Tras Le petit lieutenant, vuelve el francés Xavier Beauvois a la cartelera con De dioses y hombres, una historia filmada con sencillez que retrata la brutalidad del fanatismo religioso.
Las dos sentencias, pese a su heterogénea apariencia, tienen mucho que ver entre sí; ambas de alguna forma constituyen el corazón de De dioses y hombres. Hablamos de la película de Xavier Beauvois (Auchel, 1967) que ganó el Premio del Jurado en la pasada edición del festival de Cannes; nos referimos a la cinta basada en la historia real de unos monjes víctimas del integrismo religioso que en los últimos meses ha adquirido la categoría de fenómeno en Francia.
Pongámonos en situación. Corre el año 1996 y una comunidad de frailes vive en un lugar perdido de Argelia dedicada a sus labores, digamos, humanitarias entre la población local. Un buen día, un grupo de mujaidines irrumpe en sus vidas. De golpe, los frailes cistercienses capitaneados por el personaje de Lambert Wilson han de decidir entre la realidad y el deseo; entre quedarse fieles a sus principios o huir conscientes de que la muerte (eso les espera si resisten) no es un principio, sino todo lo contrario.
La frase entrecomillada del principio -la de Pascal que habla contra el fanatismo creyente- es la que define este instante. En un momento dado, el padre Luc al que da vida el inmenso actor Michael Lonsdale la deja caer con toda su grave gravedad. ¿A qué se refiere en realidad? ¿A la ciega brutalidad islamista? ¿O es acaso el tozudo y agresivo victimismo mártir de sus compañeros lo que le hiere y delata?
Gestos cotidianos
Y es precisamente esta duda la que alimenta y hace que la película se mueva y conmueva.
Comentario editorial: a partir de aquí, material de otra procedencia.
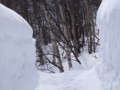 [小樽の風景]庭にて2011年3月5日撮影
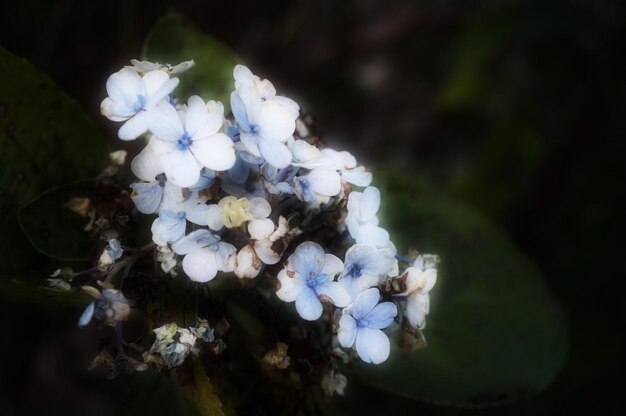 写真 白い花のクローズアップ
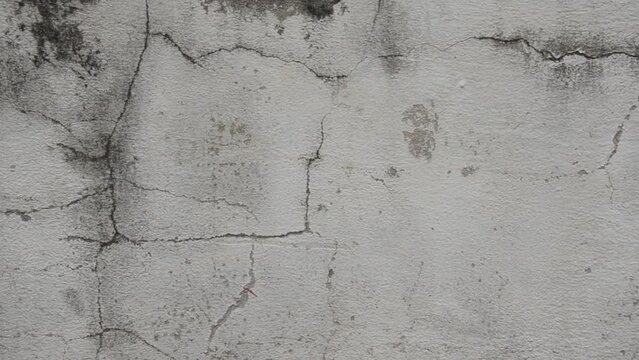 Small cracks on old cement surface with mold on surface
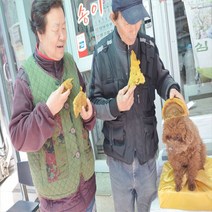 황철상황버섯 황철나무상황버섯 자연산 강원도 국산 상황버섯, 500g, 황철상황버섯절단500g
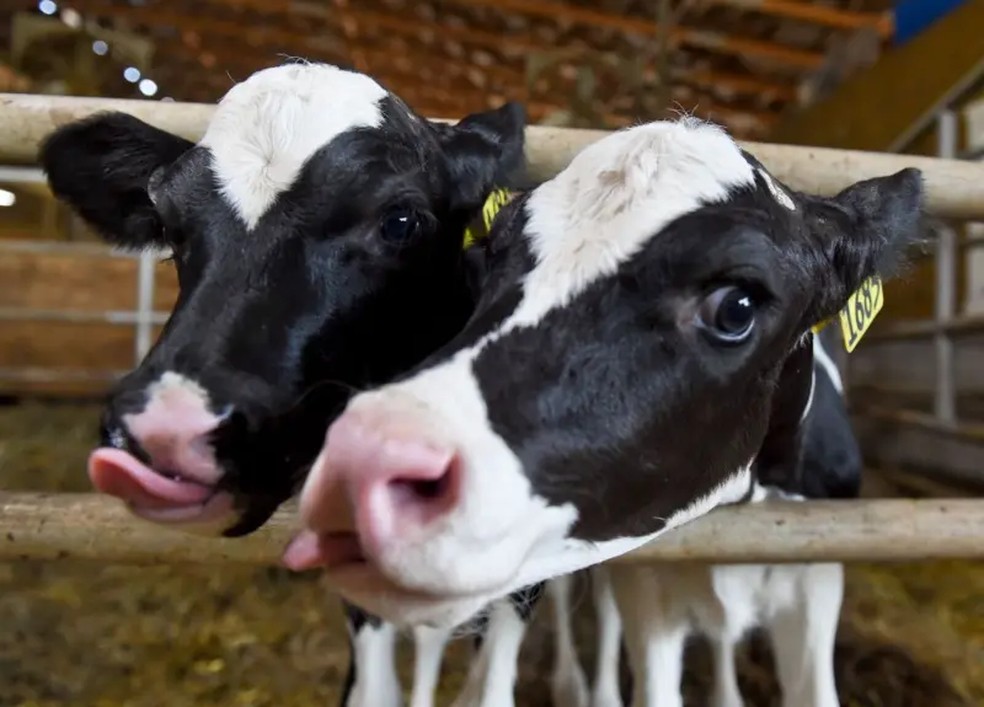 A carne argentina representa 2,1% do total das importações dos EUA — Foto: Getty Images via BBC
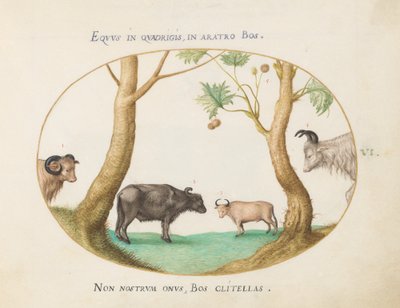 Plate 6: En variant av okser med en vær og en vannbøffel(?) ved et platan av Joris Hoefnagel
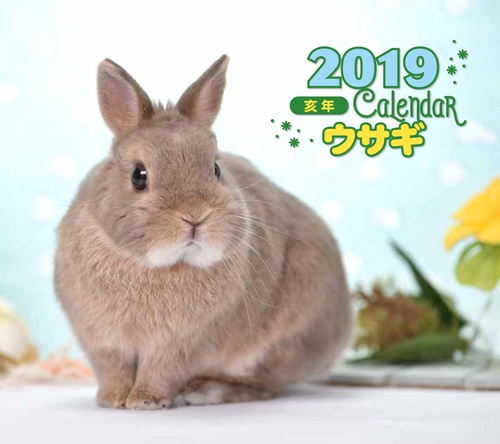 カレンダー '19 ウサギ ミニ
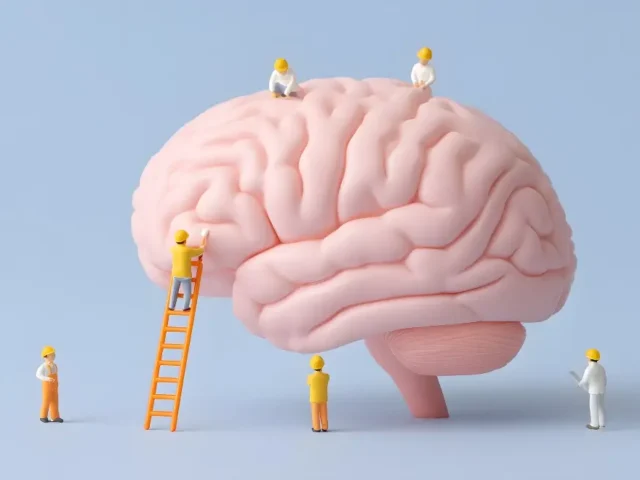Neuroplastyczność mózgu. Jak układ nerwowy uczy się na nowo ruchu?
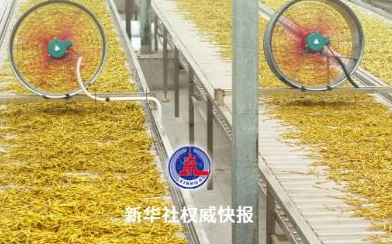 五连增！中国地理标志产品直接年产值接近1万亿元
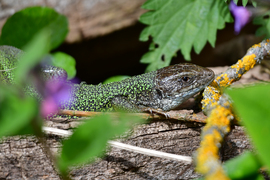 A Zöld gyík is napozik... :)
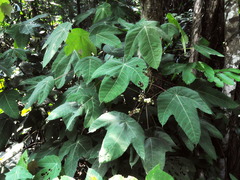 Macaranga triloba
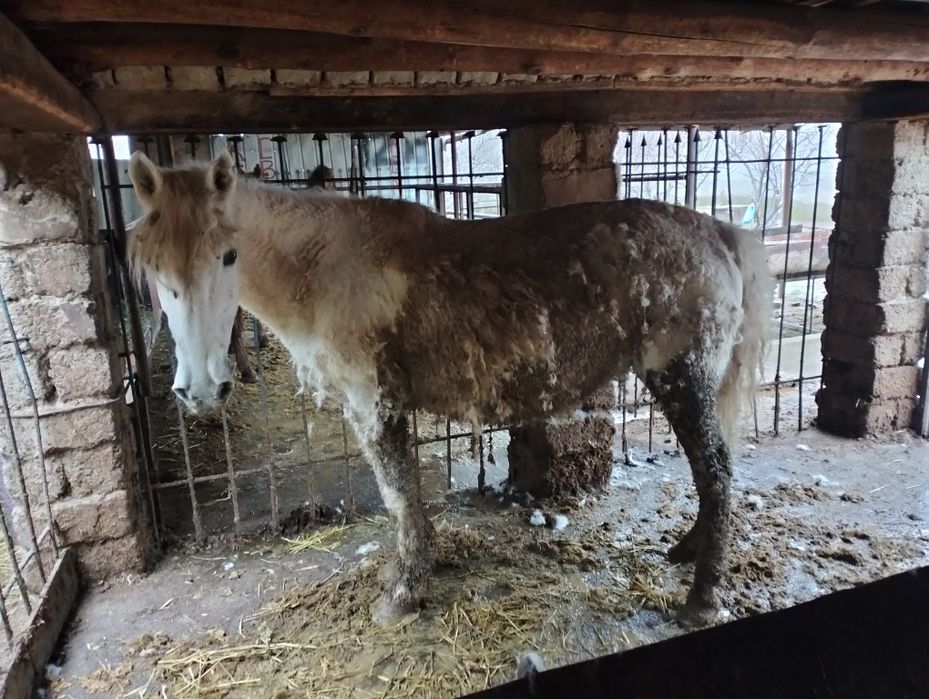 Буаз биелер сатылады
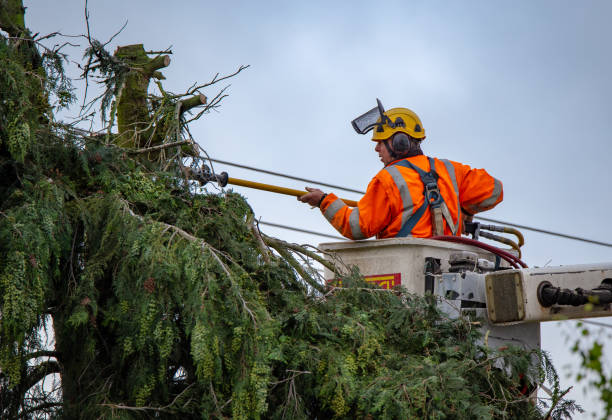 Best Palm Tree Trimming  in Greenacres, CA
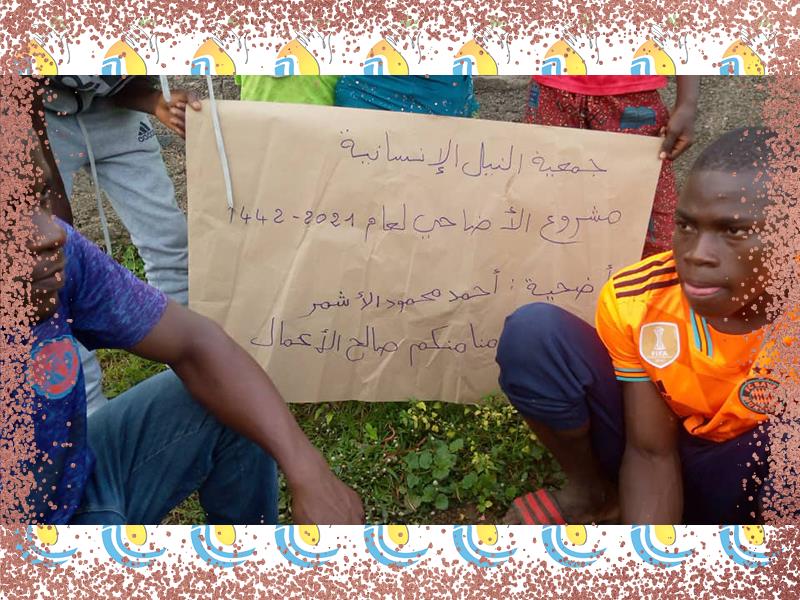 الأضاحي في افريقيا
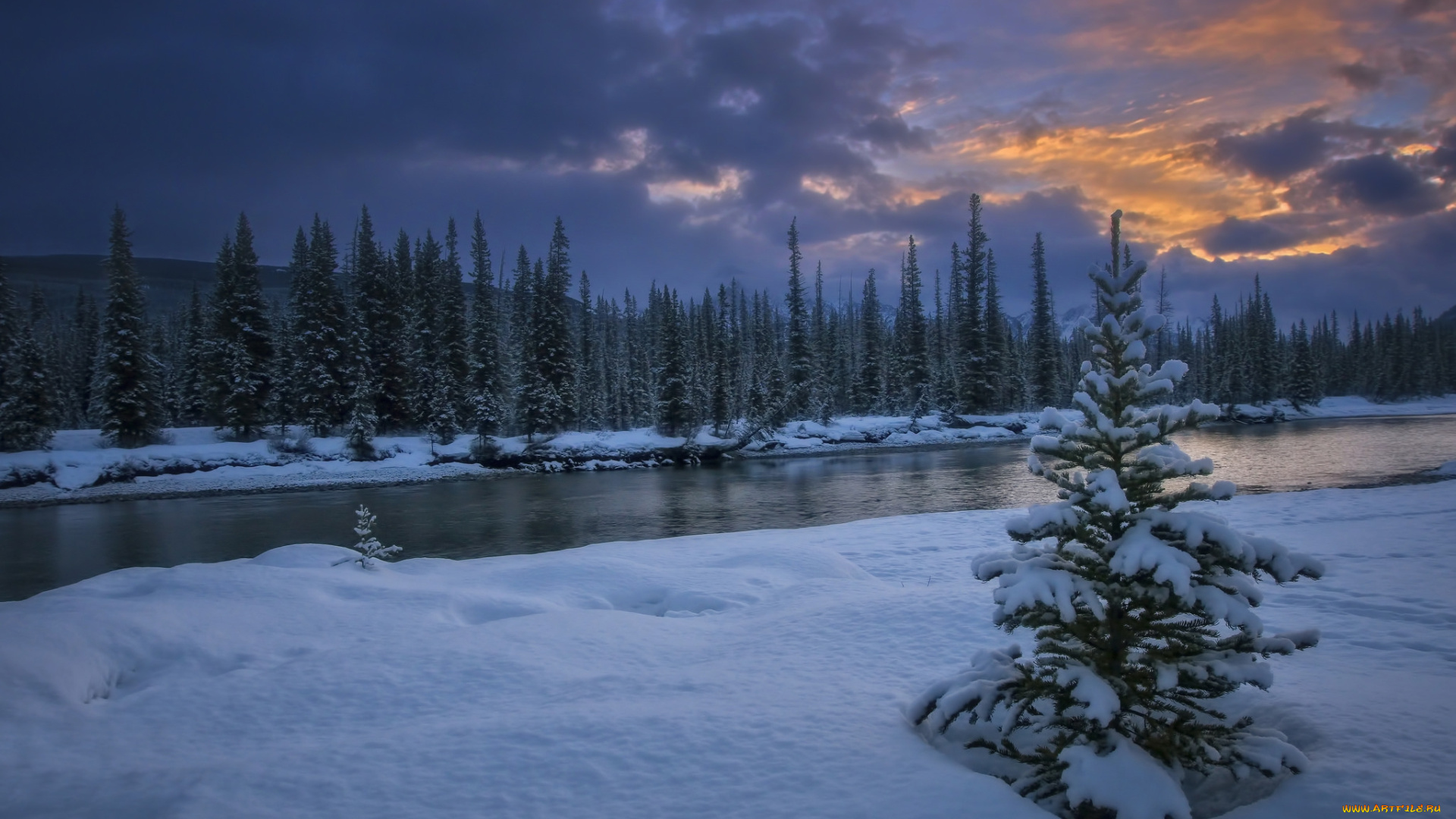 природа, зима, простор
Beauvois, el enésimo 'enfant terrible' que ha dado el cine francés (recordemos la contundencia de No olvides que vas a morir, de 1995, o la solvencia de El pequeño teniente, de 2005), recurre a la pulsión de los gestos cotidianos y los dolores pequeños para componer un fresco de eso que a falta de una mejor definición podemos llamar simplemente vida.
La estrategia es sencilla: la idea es huir de cualquier tentación de estilo. Entre Bresson y la ausencia total de retórica, De dioses y hombres acierta a capturar de forma rigurosa y precisa el instante de tensión en el que se resuelve el instante decisivo y, aceptémoslo, vulgar que separa al héroe del cobarde. No hay retóricas, subrayados innecesarios, gestos extravagantes; simplemente hay hombres tan diminutos como dioses y dioses tan gigantes como hombres.
En una de las mejores escenas que se pueda contemplar en el cine reciente, la comunidad de monjes se enfrenta a algo así como su última cena. En el más riguroso de los sentidos. Todos reunidos alrededor de la inminencia de su fatal destino. Sin duda, la carga emocional y simbólica del momento admitiría todo tipo de enroques afectados, miradas arrobadas o frases tan lapidarias como la del catastrofista y voraz Pascal (en realidad, esta sentencia es la única concesión a la retórica en toda la película). Y, sin embargo, es el silencio atento a una vieja casete en la que se escucha El lago de los cisnes de Tchaikovsky el único argumento para golpear la mirada del espectador. No hay nada más preciso que la cámara a la altura de los ojos; nada más auténtico que el miedo cierto a la muerte. Cualquiera de ellas. Inmensa en su brutal sencillez. Sin estilo. Sin imposturas.